The speech typed below is the original of the one I made at my mother’s funeral. It was considered highly inappropriate by the Anglo-Saxon contingent of the family and later the Celtic side joined hands with the Anglos. Villagers I did not know interrupted me while I tried to give it, and a forthright lady said loudly that she had had enough of it. To placate, I then asked my audience if I might summarise, and this concession granted, I went on to make a shorter speech than I had intended. In retrospect it was probably an unusual speech for a mourning son to make. If it was highly offensive, then the feedback I’ll get now – making it more public – will justify those hostile voices and stares.
My mother died in July 2008 and to this day I continue to believe she got a rough deal from her family. I too share very guilty moments when I could have held her hand more but didn’t, wanting to get out of the ward and on with the living as I saw it at that time.
For those stalwarts who believe in the British National Health Service and in the excellence of English health care, beware! All the hype hides a fair bit of heartlessness, and don’t forget the “service” is not free and is closely affiliated with authority which I define as government (politicians) and the powers that enforce – in the first instance, the police, and after them – the magistrates.

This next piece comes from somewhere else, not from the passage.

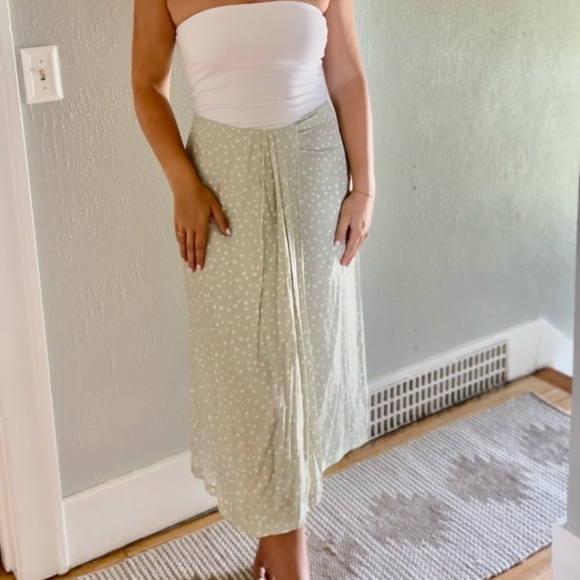 Vince Camuto Midi Silk Skirt - Picture 2 of 5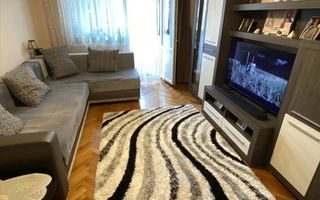 Apartament 3 camere, 70 mp, 2 bai, et.3, boxa, Cetate,  Mercur - Poză 1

My Mother’s Funeral – The Speech
I wish to draw attention to some of the special qualities my mother had, and to the way she lived the final months of her life.
Some of her special qualities were her loyalty – to her family, to her country of birth, Ireland, and to her friends, especially her vulnerable friends. June Dix comes to mind. Another quality which I link with her loyalty is her care. She cared and she loved. I will remember Mum for her loyalty, her care, and her love. Her love also embraced little children. This love of little children she brought to her work, and as an infants’ teacher she was highly successful because she loved the children she taught. On her last visit to me in Italy, she was sitting in a bar, trying to see things. Her macular degeneration was advanced. An Italian family with three little children came in. Mum’s semi-blind gaze focused on the children. “Jonathan,” she asked, “are those by any chance…?” “Yes, Mum,” I replied, “they’re little children.” Her face lit up – with wonder, pleasure and love.
Her loyalty, care and love also enabled her marriage to continue, and continue and continue……for more than 60 years. No mean feat when I – for example – find difficulty keeping a relationship going for more than 60 days.
“…Love is not love
Which alters when it alteration finds.”
“But bears it out even to the edge of doom.”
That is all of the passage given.